El valor de la mirada o el color del cristal. No es lo mismo ver que mirar. Ver es pasar la vista por encima. Mirar supone fijarse. Implica actitud activa y origina una relación. La mirada es puerta de contacto con el mundo exterior que nos rodea.

Hoy predomina el ver sobre el mirar. Prisa, ansiedad, ruido interior, fatiga de los mismos hechos y discursos cada día..., hacen que nuestra perspectiva se vaya reduciendo al espacio vital estrecho de nuestra persona y de los nuestros, donde casi todo empieza y termina. Además, las propias ideas e intereses hacen que la mirada sea parcial, del color del cristal con que miramos. Por eso, la mirada clara y abierta es de gran valor, porque se ofrece, busca otras miradas, transmite confianza y revela honestidad y verdad.

 

Ojos que ven, corazón que siente. La mirada cordial. Mirar es como vivir con el alma despierta y asomada a la vida. Luego hay diferentes formas de mirar: Mirada fugaz, distraída, tímida, penetrante, cómplice, interesada, sorprendida, desconfiada, furiosa, compasiva, serena, dulce... Y hay una mirada distinta a todas, la mirada cordial, que es como la de un padre, madre o amigo: se fija en lo mejor de la persona o acontecimiento, lo reconoce y le permite ser lo que es, crea una relación amistosa con aquello que mira, se deja afectar por lo que ha visto y adopta la actitud más favorable.

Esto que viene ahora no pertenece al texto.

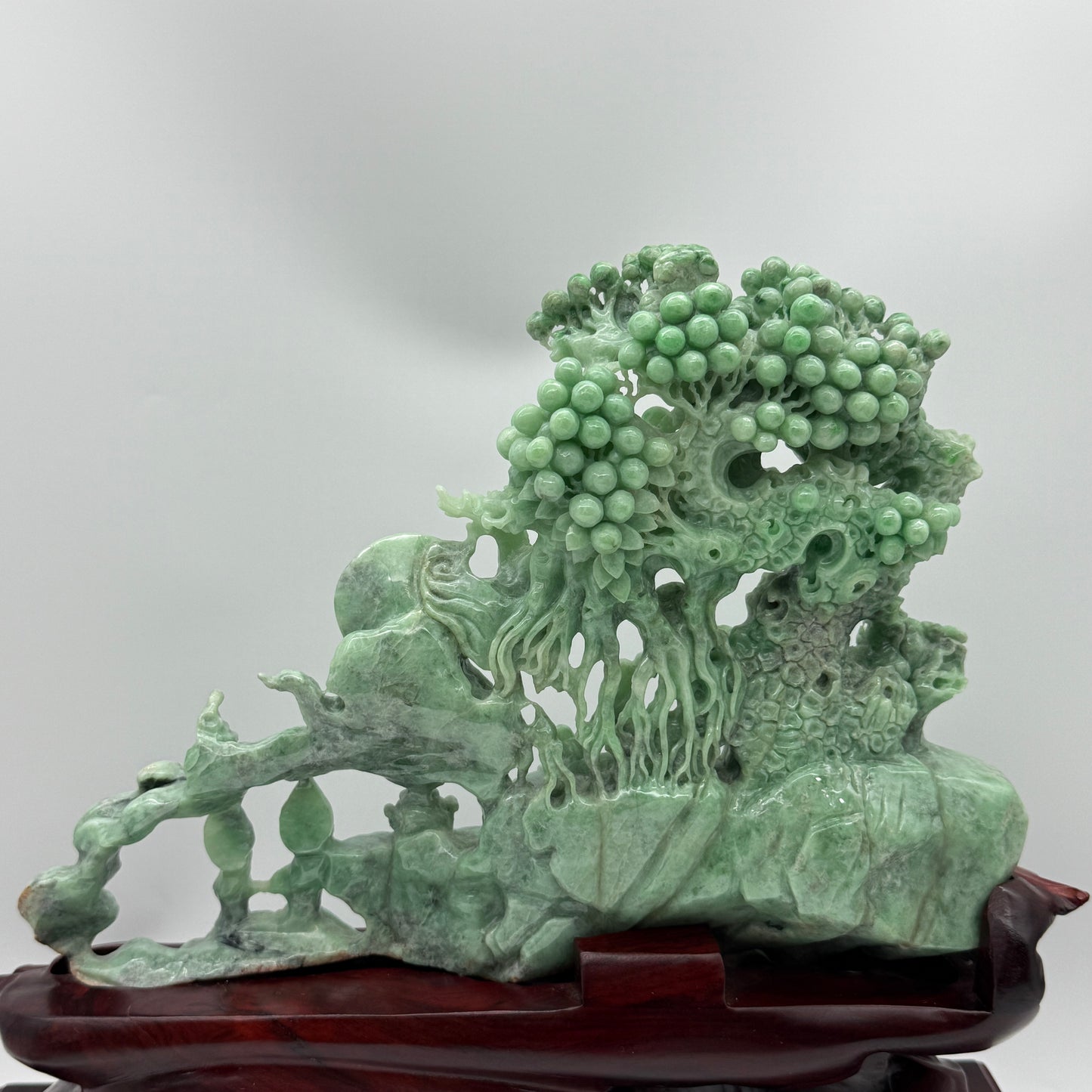 Rare Full Apple Green Buddha & Disciple Shan Shui Display 2,490g 300.0 by 230.0mm by 60.0mm with wooden stand 2,345g Total 4,835g 350.0 by 350.0 by 120.0mm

Es una mirada comprometida y salvífica.

 

Jesús, el de la mirada cordial. Entre las cosas de Jesús que el Evangelio nos muestra, llama la atención sus miradas: De cariño al joven rico, de tristeza y recelo a los fariseos, de simpatía a Zaqueo, de admiración a la viuda generosa, de ternura a distintas mujeres, de compasión a los pobres y enfermos, de conmoción a las gentes, de dolor a la ciudad de Jerusalén, de reconciliación a Pedro, de generosidad y agradecimiento a su madre y al discípulo en el Calvario. Si los ojos son reflejo del alma, a través de esas miradas podemos conocer los sentimientos de Jesús y el modo de mirar de Dios.

 

Adviento: Invitados a mirar. El adviento inicia el año litúrgico de los cristianos y la primera palabra es MIRAD. Mirad lo que está ocurriendo a nuestro planeta, lo que está sucediendo en el mundo, lo que acontece en nuestro país, en nuestra provincia y ciudad, en mi barrio, en mi familia, en mí mismo. Mirar el pasado del que procedo, el presente del que formo parte, el futuro en el que espero el encuentro con Jesús. Y mirar cordialmente para considerar mío lo que pasa y dejarme afectar; para sentirme cerca, implicado y responsable; para transformar lo que está a mi alcance. Mirar para distinguir, para discernir, para elegir. Mirar bien, con el corazón, porque lo mejor sólo se ve con el corazón.

 

Se nos invita a ser oteadores de los acontecimientos, a tratar de percibir lo que asoma, a oler los aromas que despuntan.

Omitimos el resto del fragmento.